What's the problem with log of sum, as opposed to sum of logs in probability theory?

1.3k Views Asked by At

I'm reading about variational inference and expectation maximization, I often see this assertion without proof or explanation:

We have no problem with maximizing sum of logs as in

$\max_\theta \sum{\log{p(x_i, z_i)}}$

But we do have trouble with maximizing log of sum, as when $p(x_i,z_i)$ is marginalized to $p(x_i)$ using law of total probability, and as such you get a sum inside the log. $\max_\theta \sum{\log{\sum_z{p(x_i, z)}}}$

Why is that?

2

There are 2 best solutions below

3
On

A sum of logs is easily simplified as the log of the product, i.e.
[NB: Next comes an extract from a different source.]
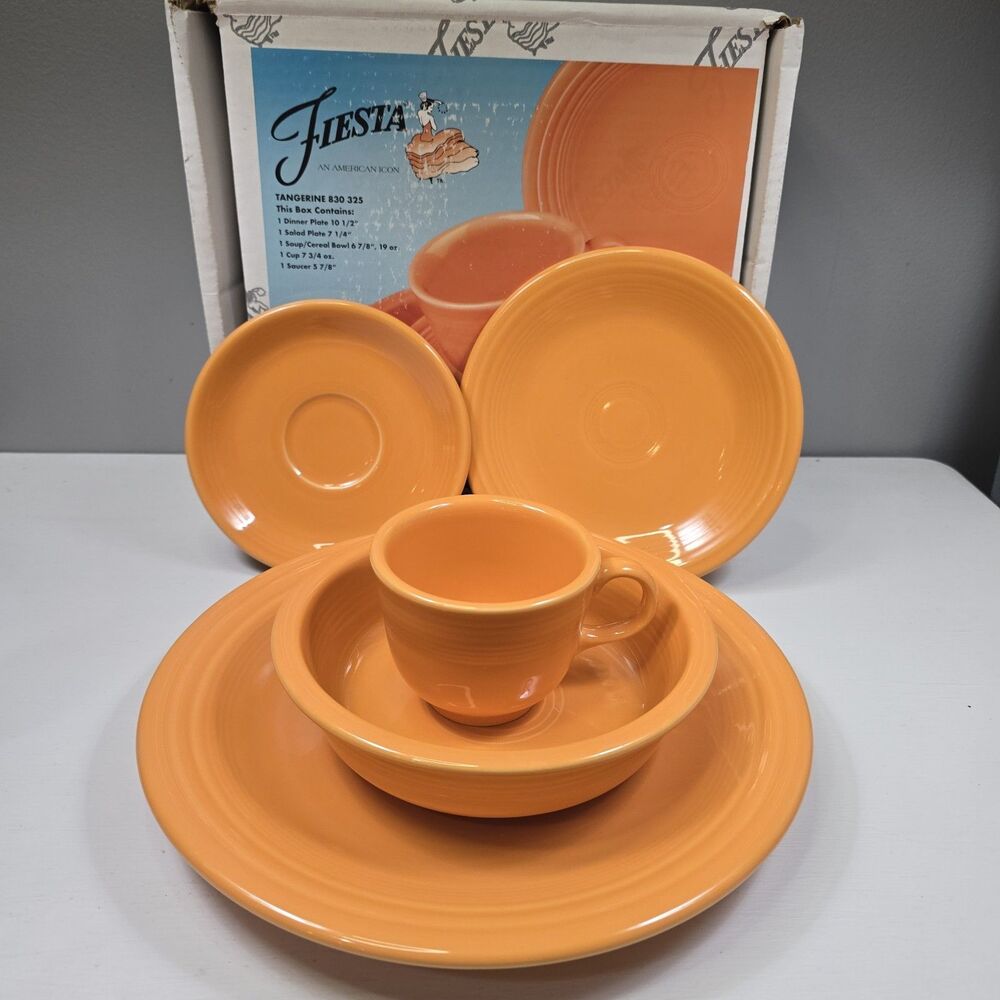 Fiesta Ware Tangerine 830 325 RETIRED 5 Piece Place Setting Complete Set Dishes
$$\sum_{i=1}^n \log a_n = \log\left(\prod_{i=1}^n a_n\right).$$

There is no such conversion for the log of a sum.

1
On

Logarithms are strictly increasing functions and assuming that the logarithm is a real number, i.e. the sum is positive (or at least non-negative, as it should be if this is a sum of probabilities or densities or likelihoods or similar),

then the maximum of the logarithm of a sum is equal to the logarithm of the maximum of the sum and occurs for the same value of the variables

So $$\max_\theta {\log{\sum_z{p(x_i, z)}}} = \log \left(\max_\theta {{\sum_z{p(x_i, z)}}}\right)$$ is as easy to find as finding the maximum of $\sum\limits_z{p(x_i, z)}$